Who really fights in our wars: The counterrecruitment movement ["Pacifists for War," Nov. 2] is a vast and growing movement not concentrated in one political ideology, lifestyle, class, race, age, or area in the country. Amongst these tens of thousands of people, of course there will be some few who support reinstatement of the draft. But that it is a particularly viable or even popular opinion is another question.
Most people supporting a draft remember that it was a rallying cry against the war in Vietnam, and seemed to be a primary energizer in the '60s and '70s peace movement. What they overlook is that the draft at that time sent to Vietnam primarily children from working-class families.
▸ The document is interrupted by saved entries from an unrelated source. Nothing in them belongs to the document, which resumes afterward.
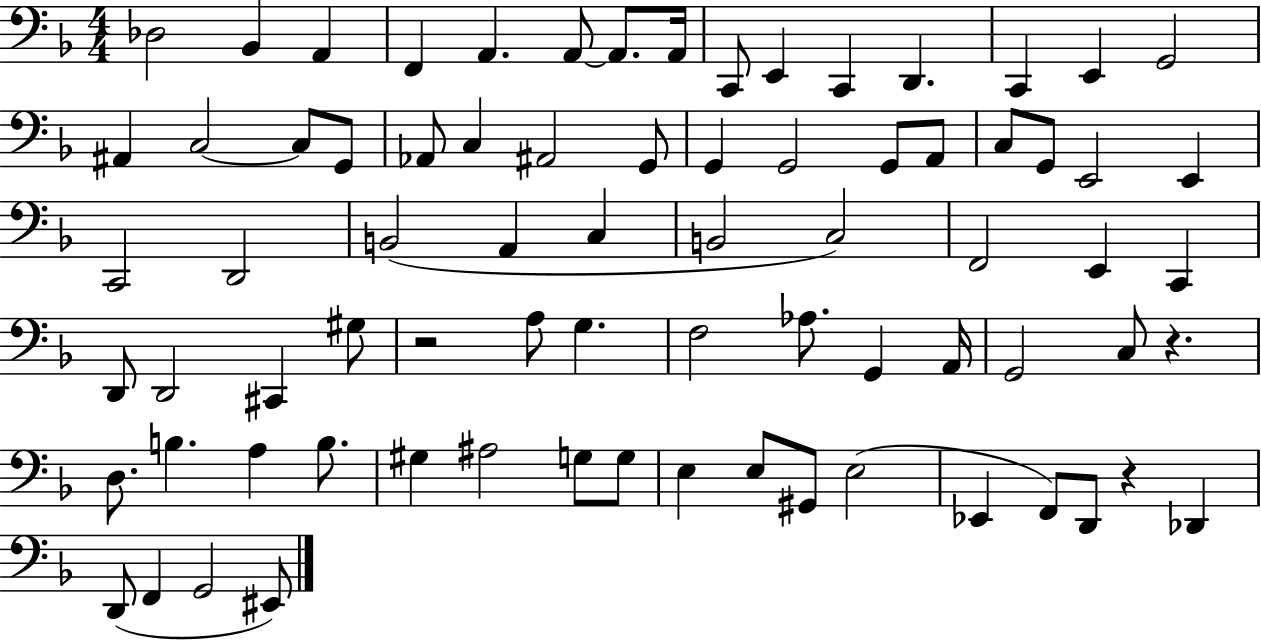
Db3/h Bb2/q A2/q F2/q A2/q. A2/e A2/e. A2/s C2/e E2/q C2/q D2/q. C2/q E2/q G2/h A#2/q C3/h C3/e G2/e Ab2/e C3/q A#2/h G2/e G2/q G2/h G2/e A2/e C3/e G2/e E2/h E2/q C2/h D2/h B2/h A2/q C3/q B2/h C3/h F2/h E2/q C2/q D2/e D2/h C#2/q G#3/e R/h A3/e G3/q. F3/h Ab3/e. G2/q A2/s G2/h C3/e R/q. D3/e. B3/q. A3/q B3/e. G#3/q A#3/h G3/e G3/e E3/q E3/e G#2/e E3/h Eb2/q F2/e D2/e R/q Db2/q D2/e F2/q G2/h EIS2/e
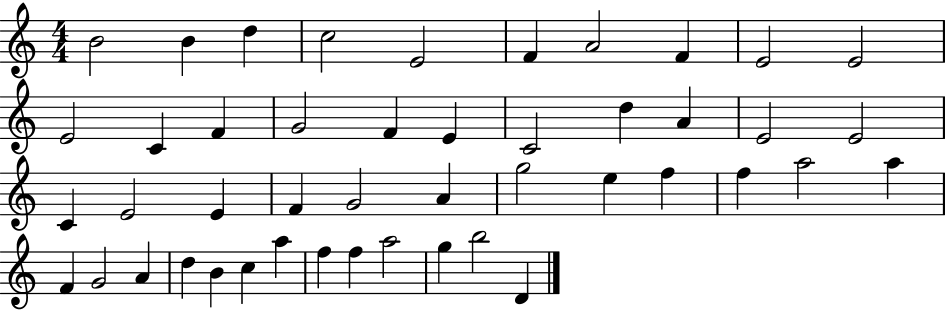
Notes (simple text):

B4/h B4/q D5/q C5/h E4/h F4/q A4/h F4/q E4/h E4/h E4/h C4/q F4/q G4/h F4/q E4/q C4/h D5/q A4/q E4/h E4/h C4/q E4/h E4/q F4/q G4/h A4/q G5/h E5/q F5/q F5/q A5/h A5/q F4/q G4/h A4/q D5/q B4/q C5/q A5/q F5/q F5/q A5/h G5/q B5/h D4/q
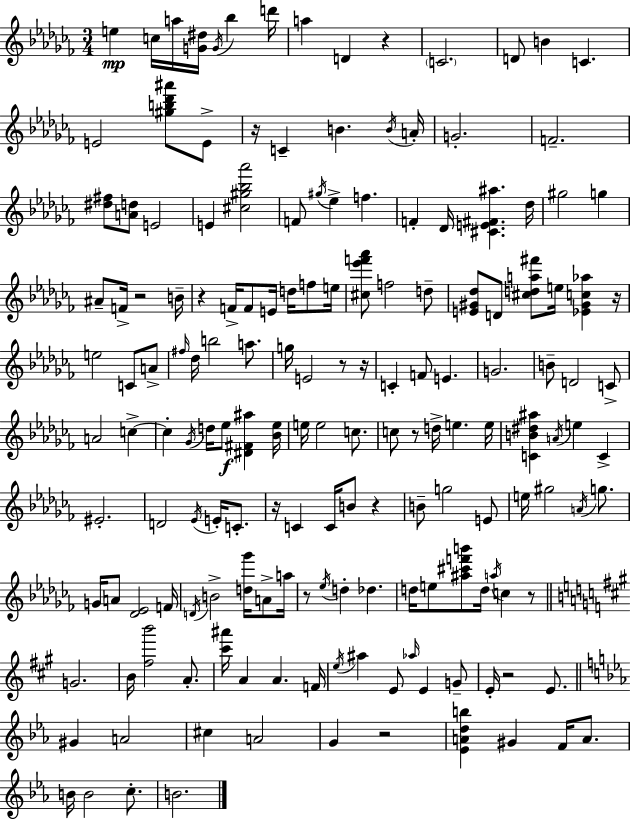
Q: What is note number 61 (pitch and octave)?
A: A4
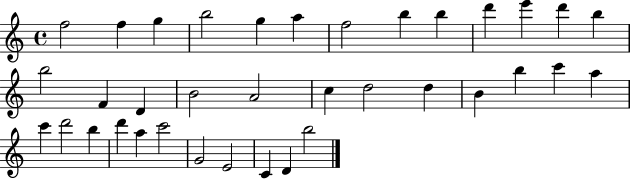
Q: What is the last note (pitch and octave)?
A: B5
African-Americans disproportionately suffered casualties there. Children from the educated classes simply did not go, unless they were the very rare breed that also came from a military family. In fact, the war started when I was about 9 years old, but it was not until I was 21 that I met anyone who had gone to Vietnam. My experience was not that unusual. The reason was educational deferments, by and large. But there were other ways to avoid going -- conscientious objection, statements from family doctors, documented psychiatric conditions precluding eligibility for military service, etc. If a draft were to be reinstituted, even if the educational deferments were eliminated, and even if women were included, the middle classes would still find ways to avoid serving. So we would be back to where we are now. In fact, there is already a draft in place -- the poverty draft. Recently released data show that the poor, particularly in nonurban areas, are far more likely to be recruited than middle- or upper-class urbanites. The point is, a draft does not equalize military obligations. It just makes one more hoop that the middle classes have to hop through to avoid service. The dead bodies are pretty much the property of the poor and uneducated, draft or no draft.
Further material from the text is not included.